House Speaker Chip Neiman said it plainly last Wednesday: "I would rather have sent Wyoming Business Council money to the towns and to the counties and do streets, do infrastructure, do sewer line and water lines."
Someone needs to tell him. That's a huge part of what WBC does. Has done for decades. Across all 23 counties.
When the legislative Joint Appropriations Committee voted last month to strip the Wyoming Business Council from the Governor's recommendation of $54.6 million down to a $2 million closeout budget, the committee didn't shrink a bureaucracy.
It cut off the statewide tool that helps counties and towns build the public infrastructure on which private investment depends.
The results surface in plain, concrete ways. A town extends water and sewer. A county upgrades an industrial site. A community fixes a downtown block, then new storefronts open. A business expands because utilities and access roads exist. Families see new jobs and steadier local services because basic infrastructure no longer blocks growth.
In Sheridan, a new high-tech business park is underway. In Lincoln County, a long-awaited regional sewer system is now funded. WBC grants modernized airports in Rock Springs and Cheyenne, expanded community centers and industrial parks, and extended broadband to over 40 rural towns across the state: from Aladdin to Yoder.
In Neiman's own district of Weston and Crook Counties, Newcastle received a Rural Growth Initiative grant. Sundance got funds for a facility upgrade. The program reaches his backyard. He should know that.
This infrastructure doesn't just serve the present. It builds the conditions for private investment that follows. As one local official put it: "Without the BRC program, projects like our industrial park or airport upgrade would likely fail."
Small counties don't lack need.
They lack staff time and funding options. Grant writing, project management, compliance review—tasks that larger counties handle in-house. The Business Council functions as a capacity bridge. When the legislature deletes the agency, it deletes that capacity along with the money.
Supporters of the defunding bill repeat catchphrases as a substitute for analysis. Let's take them one at a time.
"Picking winners and losers." That phrase creates an image of bureaucrats choosing one business over another while the rest wither. That's not how it works. WBC builds capability that doesn't and couldn't exist without statewide support.
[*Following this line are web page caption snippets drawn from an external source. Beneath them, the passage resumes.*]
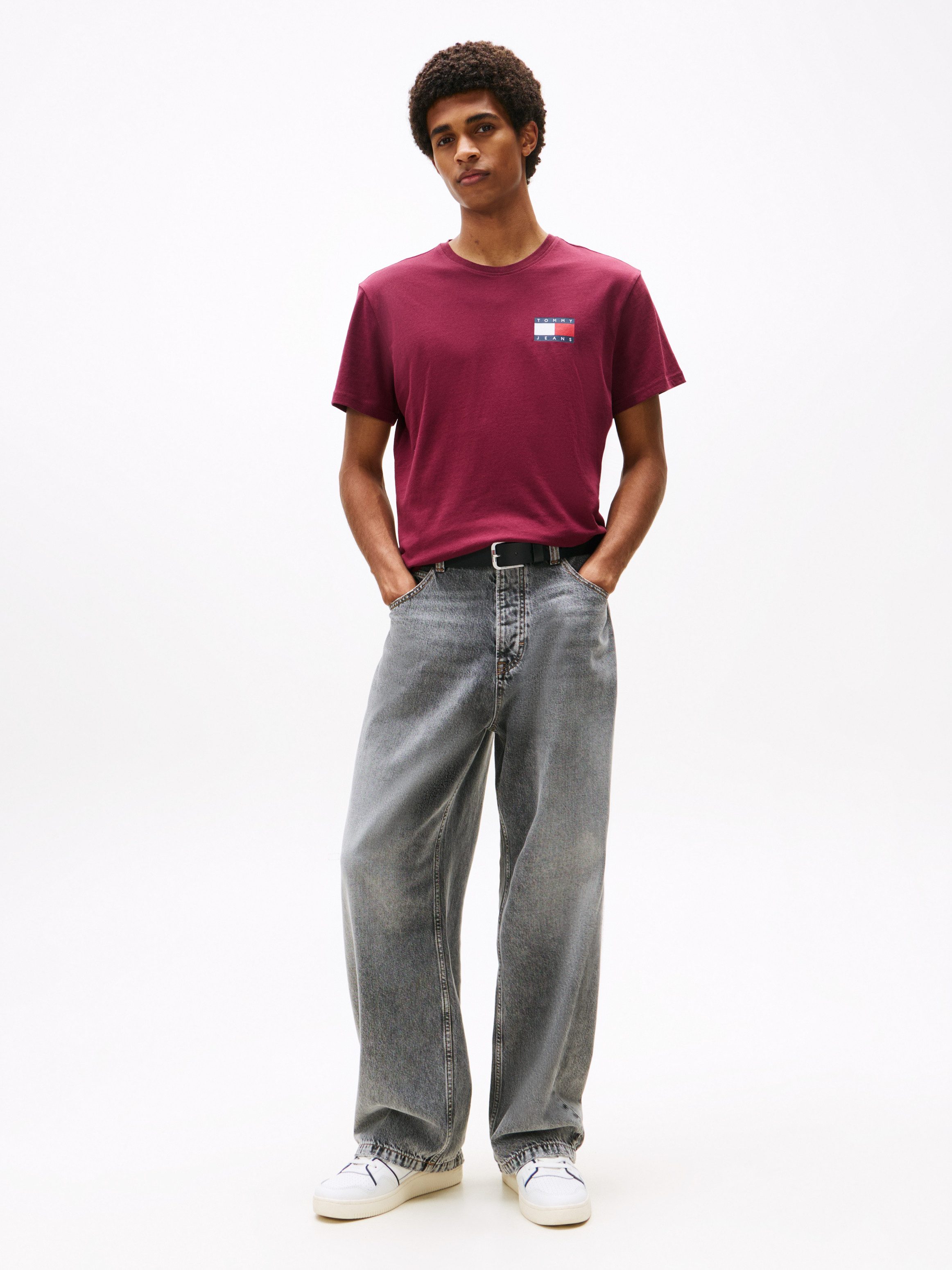 TOMMY JEANS T-shirt TJM SLIM ESSENTIAL FLAG TEE EXT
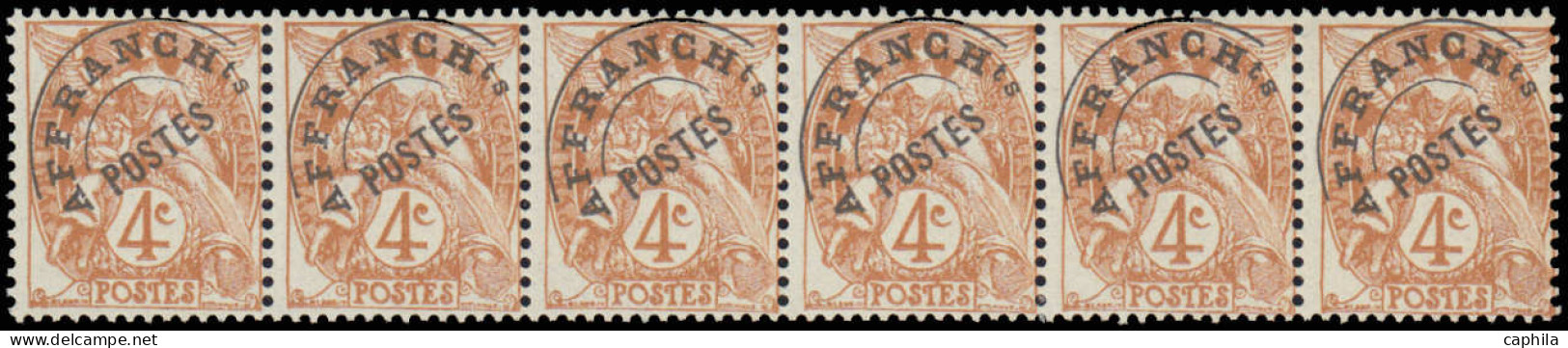 FRANCE Roulettes ** - 42, Bande De 6 Horizontale, Type II: 4c. Blanc Préo - Cote: 3000 - Coil Stamps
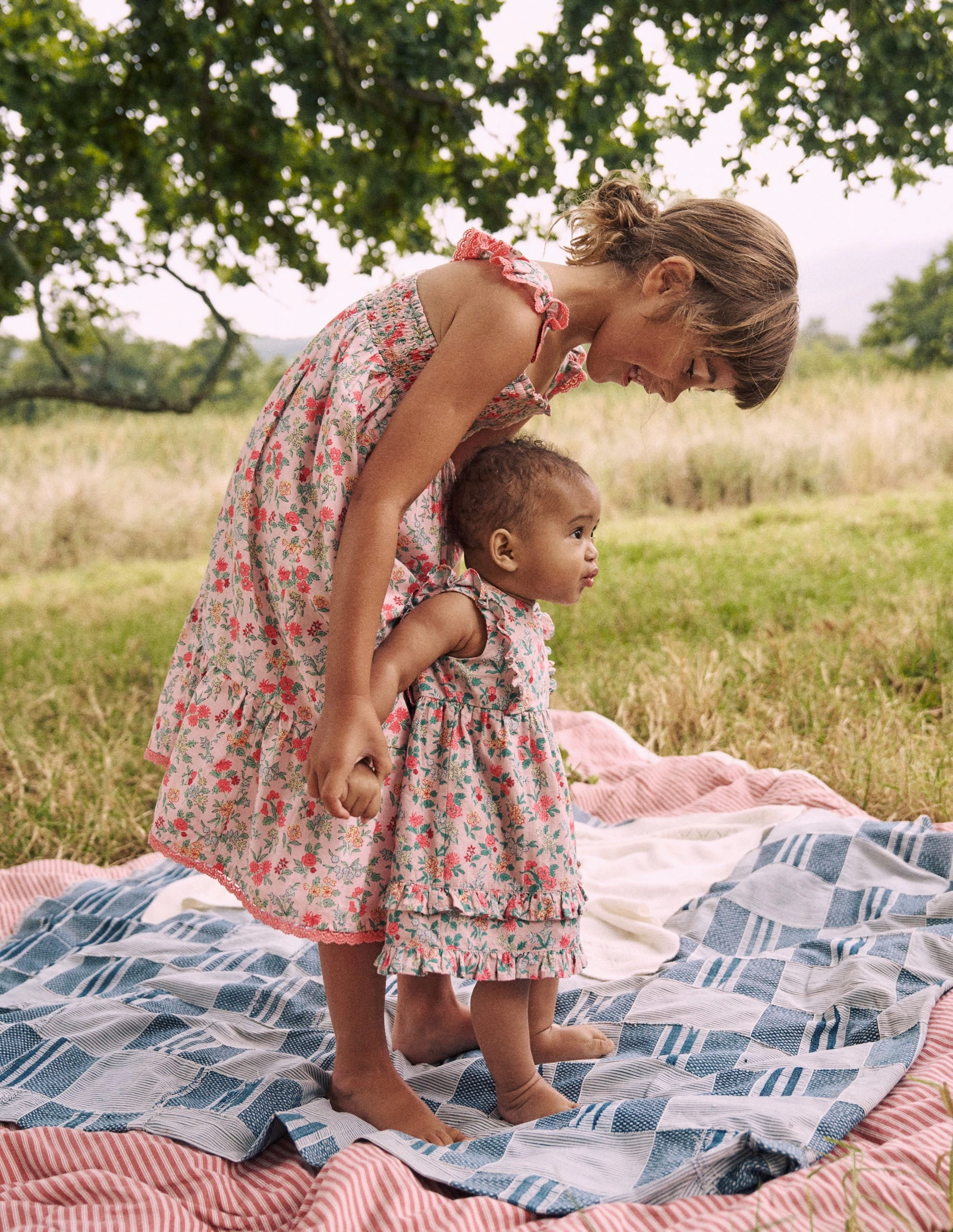 Frilly Pinny Dress-Chalk Pink Garden Ditsy Soft Layers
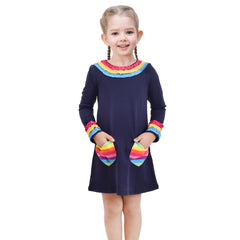 Girls Dress Long Sleeve Butterfly Color Contrast Casual Everyday Wearing Size 3-8 Years
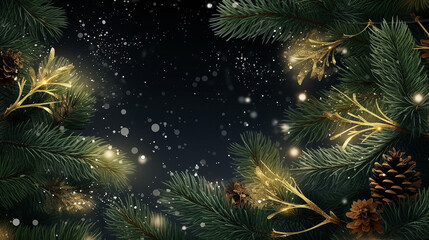 Wall Mural - Christmas background with fir branch and stars.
Every community with an upgraded industrial site or extended water line is a winner.
"It helps out-of-state businesses." When Weatherby decided to move from California to Wyoming, that made Wyoming a winner and California a loser. Wyoming got a manufacturer, jobs, and tax revenue. I'll take that trade every time.
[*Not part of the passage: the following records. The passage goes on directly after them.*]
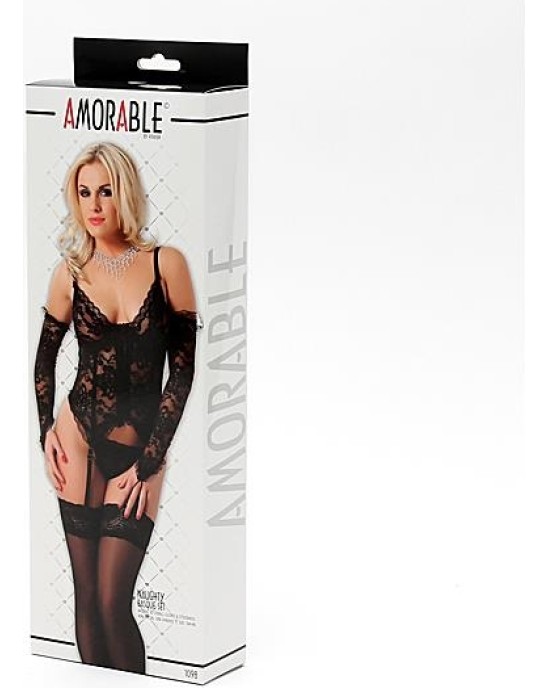 Amorable Basque with Stocking Black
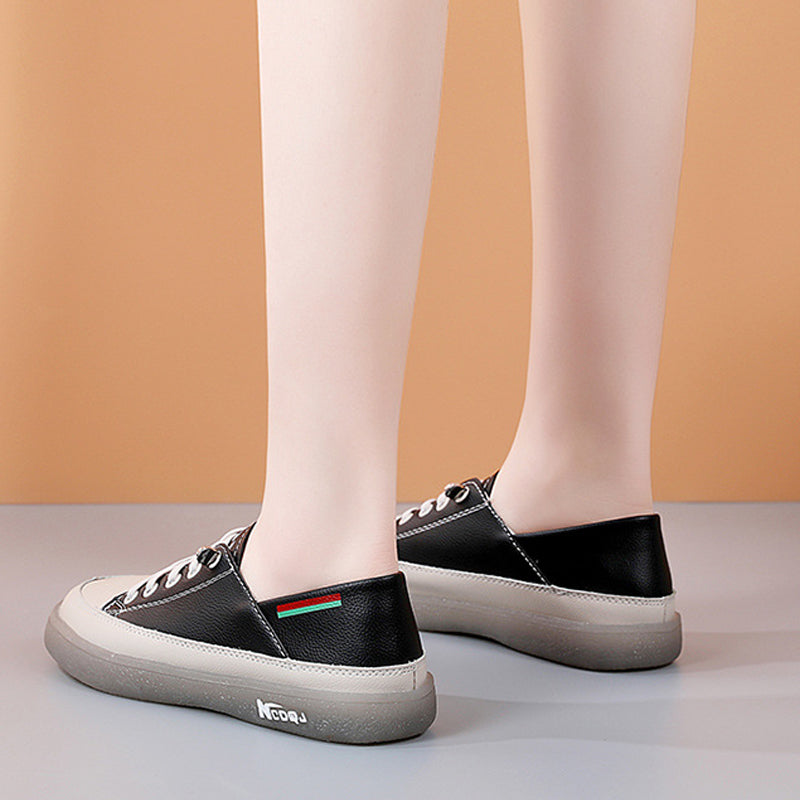 Women's Soft Leather Casual Shoes With Elastic Laces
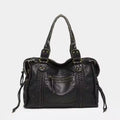 Schultertasche aus veganem Leder mit Vintage-Look & robusten Details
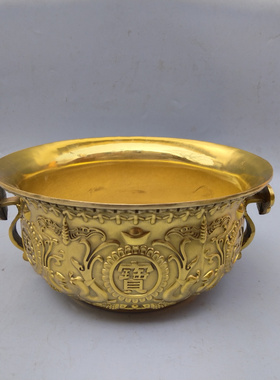 如意聚宝盆摆件铜双耳招财门厅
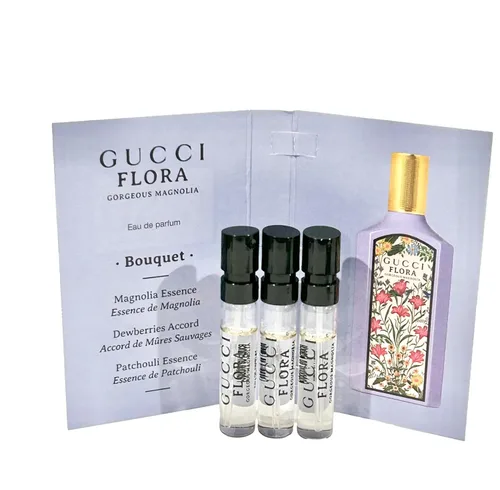 Vista 3 de Gucci Flora Gorgeous Magnolia Muestra Perfume Mujer EDP Spray 0.1 fl oz / 0.05 oz - Juego de 3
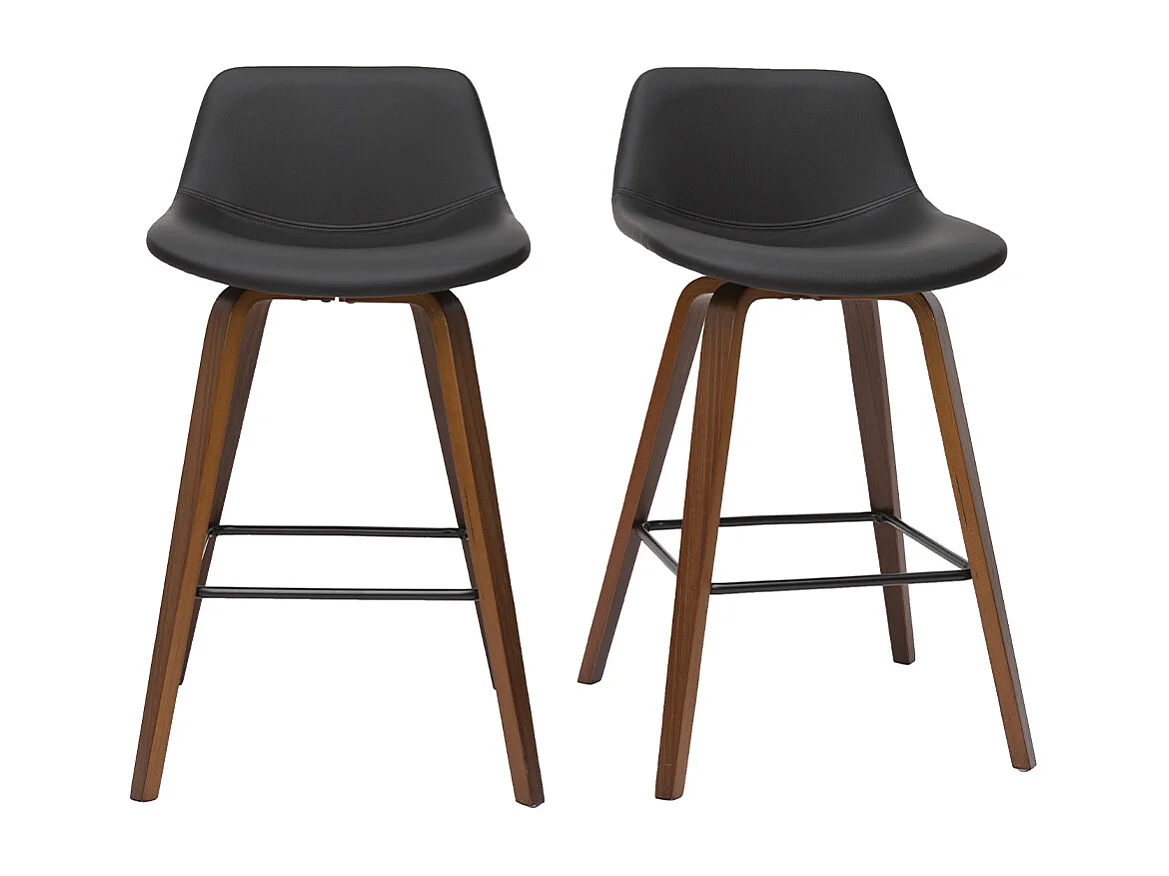 Set de 2 taburetes de cocina de diseño negro y nogal 65 cm NONIE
"Political slush fund." The charge is that WBC violates the constitutional provision prohibiting appropriations to private entities. It doesn't. The program structure centers on public-purpose projects with public applicants. Counties, towns, and joint powers boards apply. Public funds go to public infrastructure, with competitive award processes and required local matches.
"Costly bureaucracy.” WBC has 40 employees across 10 programs and 6 regional offices. From 2000–2025, the agency's economic development work created over 1,000 jobs statewide. Forty employees. Over a thousand jobs. That's not a bureaucracy. That's a return on investment.
The reach matters, too. Recent summaries show WBC projects across all 23 counties. Every county has skin in this game. A statewide cut becomes a county-by-county problem, with towns competing for fewer options and no coordinating framework to fill the gap.
Here's what made Wednesday worse than the Speaker's comment. JAC voted to defund the primary statewide economic development capability in Wyoming. No public comment. No in-depth discussion of consequences. No consideration of impact on already approved projects. No plans for replacement capability. Just a unilateral decision along ideological lines.
This isn't governance. This is flexing power because they can.
The Legislature needs to act. But first, an honest admission: the Wyoming Business Council should face a thorough review of its structure, programs, reporting, and outcomes. That kind of accountability is fair and overdue.
That didn't happen. What happened instead was demolition.
Treat oversight and demolition as separate tasks. Create a select committee with legislators, local economic development leaders, and business representatives. Run a public review with input from counties, municipalities, and businesses. Deliver recommendations ahead of the 2027 general session.
In the meantime, restore the WBC budget to the Governor's recommendation. That step protects ongoing infrastructure work and keeps the statewide framework intact while the review moves forward.
Wyoming builds trust by investing in what works and holding it accountable; not by tearing it down without due diligence.